第2話 訓練?開始1

 翌朝(お泊りセットを持っていくように言われていた)、ラムが「クルーザー借りたからダイビングしに行こう」と言った。(水着も持っていくように言われていた)それは大変楽しそうだ。「でもライセンス無いけど出来るの?子どもの頃喘息だったから無理って言われてたけど?」と私が尋ねる。「吸うのは空気だから大丈夫!ライセンスなくても、インストラクターが一緒に潜ればいいんだよ」とラム氏が答え、私は胸が踊った。「"バディ"って言って、2人1組で潜るんだ」(なんだかイヤな予感がするな…)「彼ね、インストラクターのようなもんだから!」(とてもイヤな予感!)「ラニに教わって」(予感的中、イヤだあ‼︎)


 (新入生イビリかよ⁈)このサークルの参加者は、私の他は男性のみだった。さらに私が一番歳下。(実はリカはオカマ。正しくは性同一性障害。ええ根性してるから私はオカマと呼んでいる)このサークル、しかも何だか"やたら頑丈そうなヤロー"ばかり。彼らが、にやにや笑って私を見ている。(コトバ通じない。ヤバい。どーしよ?私はジャパニーズオンリーだ‼︎)って思ってる私を見てるだけだ。ところで、この頃の私の負けん気は"無駄"に強かった。

 「よ、よろしくお願いします…」彼が私を じろりと一瞥。(やめて見ないで怖いから!)「何にも知らないです。申し訳ないです!」こうなったら、日本語で押し通すしかない。「おいで」(と言ったと思った)

 彼はクルーザーに乗る際に、手を貸してくれた(!)。「知らないなら仕方ない」(と言ったと思った)「ポイントに着くまでに機材の説明するから」(上記と同様)

私(158cm 40Kg前後20歳)と、185cm弱80Kg弱位の 何処の国の人とも知れぬ 怖い顔の彼(たぶん20代後半)。大変に不釣り合いなバディだった。

 『エアが切れた』『寒い』『(2人)一緒に』他大事なサインを教えてもらい、機材の簡単な説明をしてもらい、いざエントリー(ダイビング開始)。




 料理長が言った。「なるほどな。どおりでおまえが俺達の手信号を知ってるはずだ。あいつが教えたのか」料理長、さすが私の彼氏の先輩。「うん。
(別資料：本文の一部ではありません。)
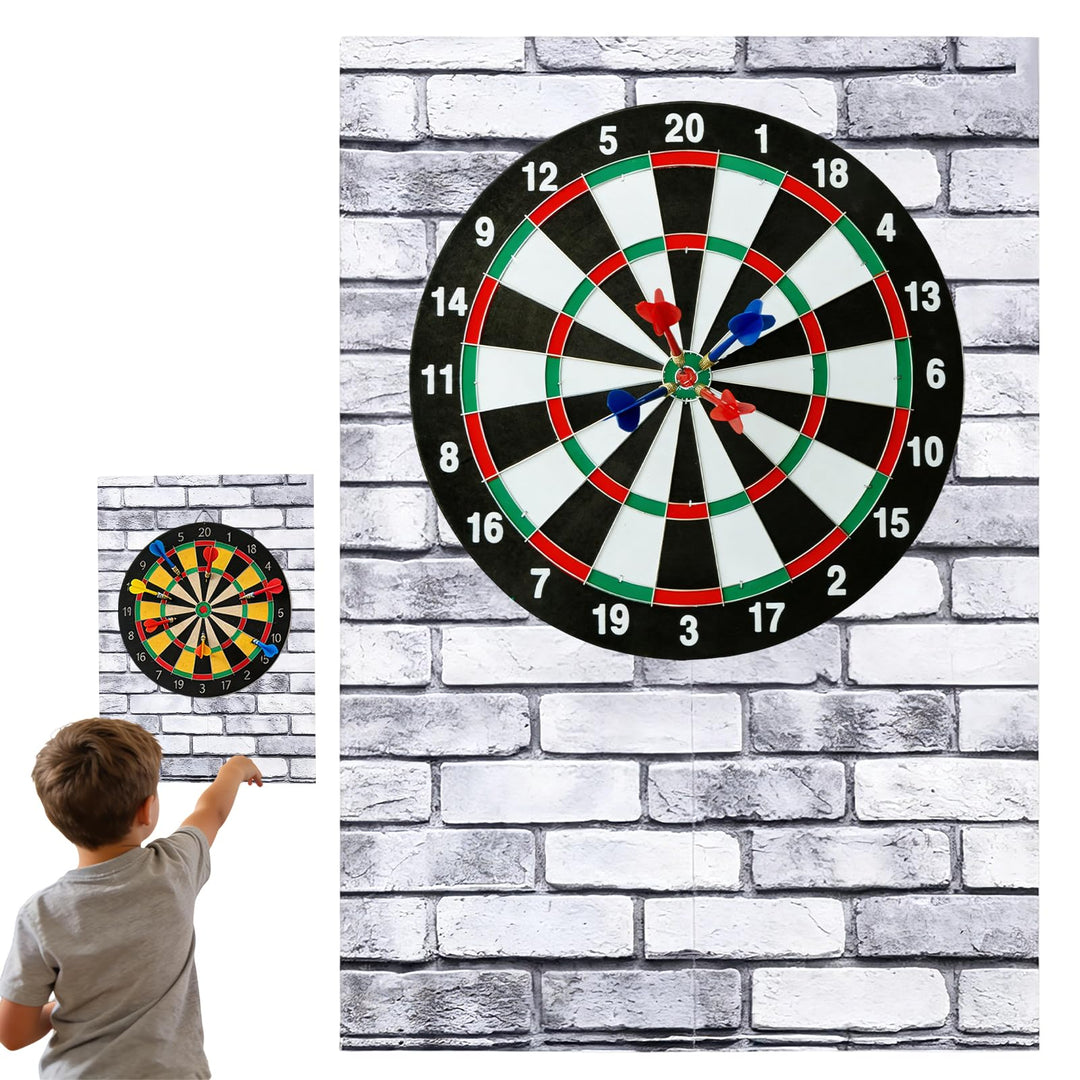 Holzmaserung Dartboard Wandschutz, Filz Dartscheibe Wandschutz Selbstklebend, Wandumrandung für Dart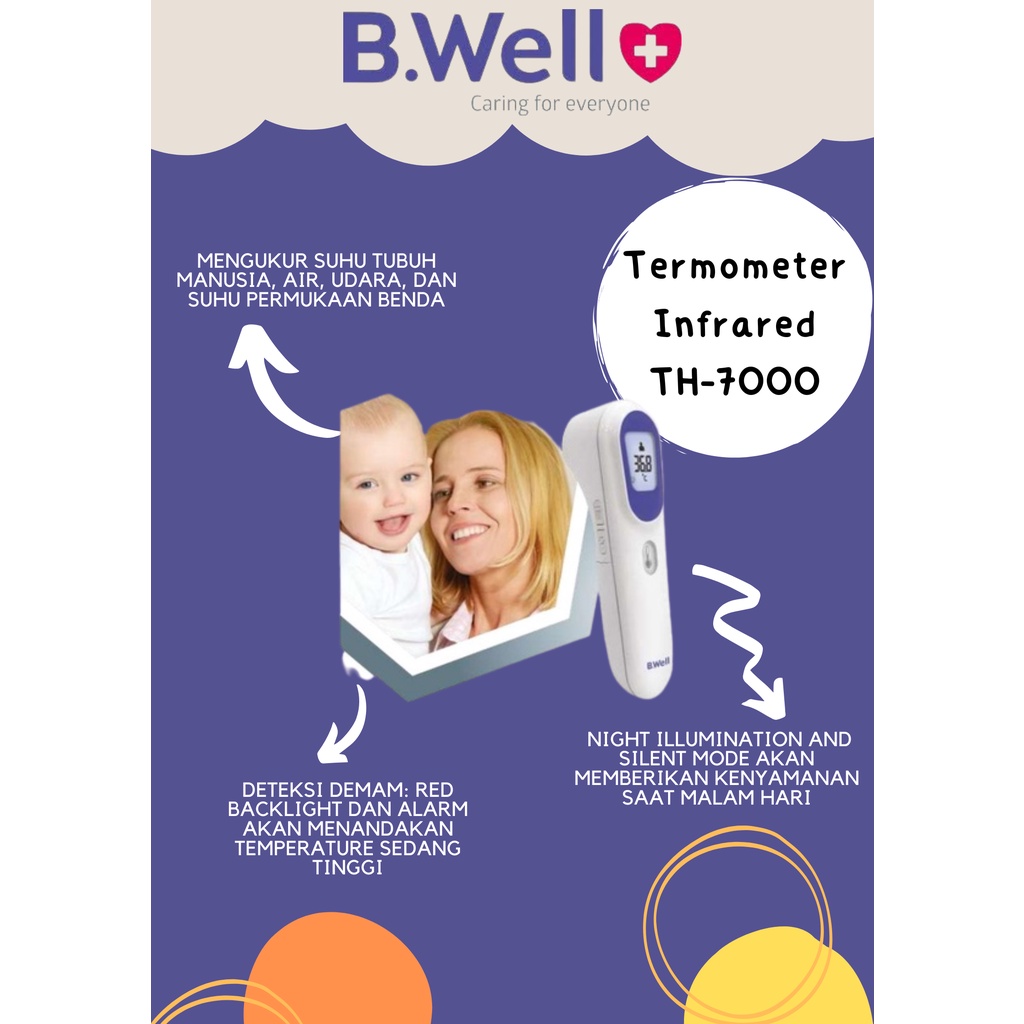 Termometer Infrared B.Well TH-7000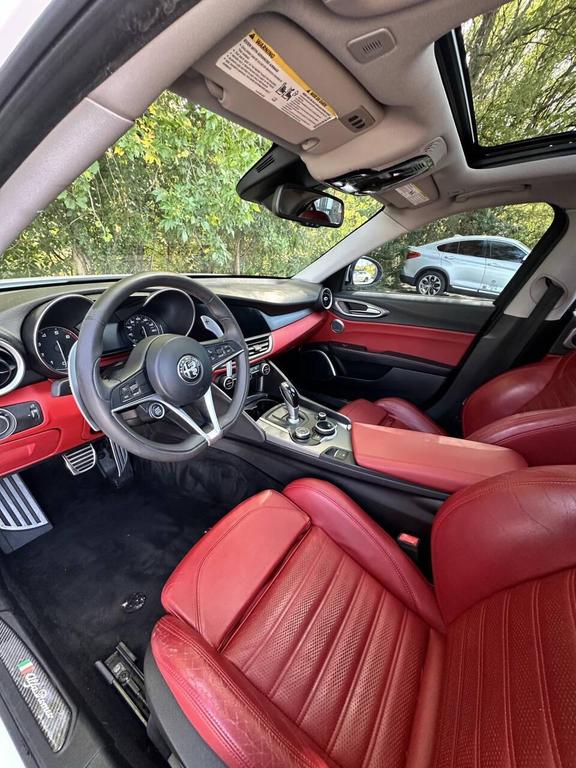 used 2018 Alfa Romeo Giulia car, priced at $13,900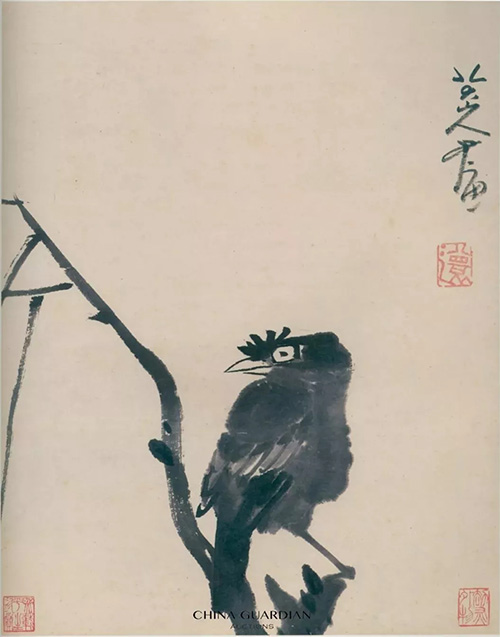 中國嘉德2018秋拍精品導(dǎo)覽 | 劫灰外物，逸氣橫生——泰山殘石樓舊藏朱耷《墨鴨圖》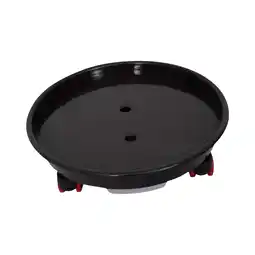 Walmart oshhni Flower Pot Tray with Wheels Round Plant Saucer Rolling Stand for Garden Home Small offer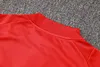 Joyfball 2024/2025 Manchester United Half-Pull Training Suit Red Football Shirt 1:1 Thai Quality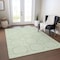 Homeroots 8' X 10' Mint Green And Ivory Geometric Washable Indoor Outdoor Area Rug 610832 - alternate 7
その後で民間のライセンスとりに行ったんだけど、彼に教わったサインには違うサインもあって、あーやっぱり特殊な職業の人だったんだなぁって思ったよ」「そうか」

私の彼氏は先輩や専門家の意見を聞く。料理長と2人きりで居ても"焼きもち"やく事はないので助かる。
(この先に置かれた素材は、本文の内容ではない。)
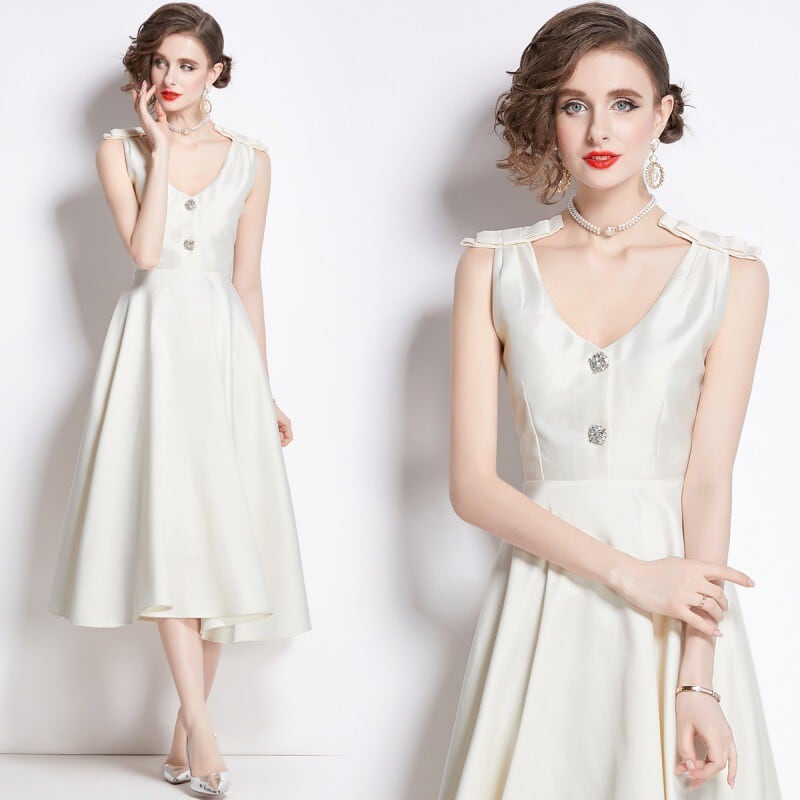 【dress】ビジューデートワンピース　M24499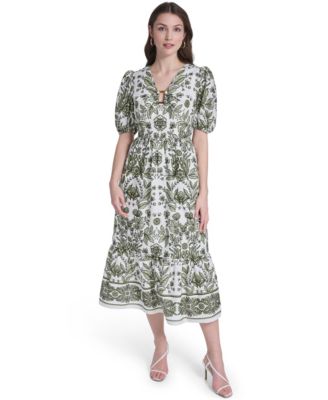 Women's V-Neck Midi Dress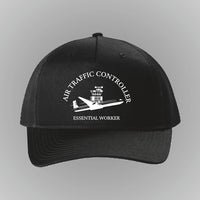 Air Traffic Controller Hat trucker snap back Black. support airport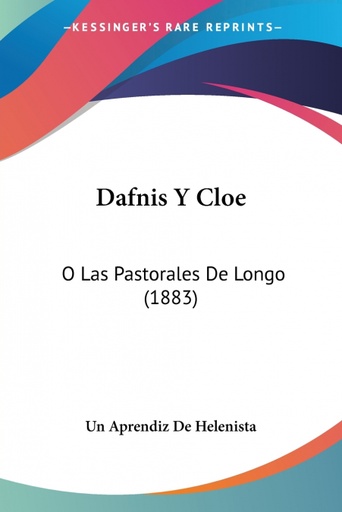 [9781160352499] Dafnis Y Cloe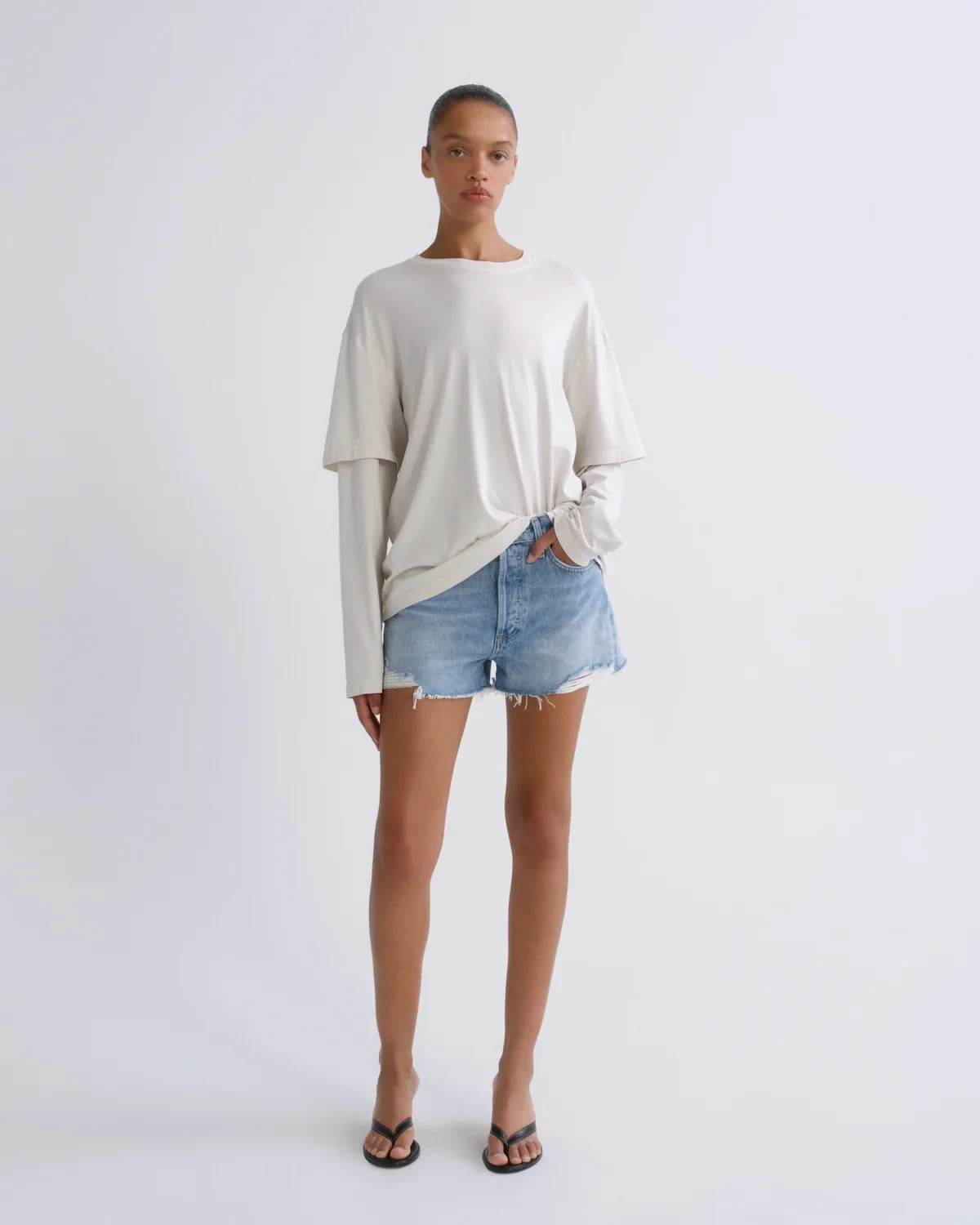 Parker Vintage Cut Off Short in Animate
 「それより、おまえの友達。おまえの見舞いに来た時に見かけたが…ありゃ男だったのか!」料理長の呆れたような驚いたような様子に、私は大笑いする。「日本人男性ってあんまりゴツくないから」「それにしても、あんな美人がなぁ!」彼は首を振り振りそう言った。「私もしばらくは女だって思ってたよ。出会った瞬間から意気投合しちゃってて、向こうもね、言いそびれたっていうか言っていたつもりだったって」"それ"に気づいた時のエピソードを話すと、料理長が大笑いした。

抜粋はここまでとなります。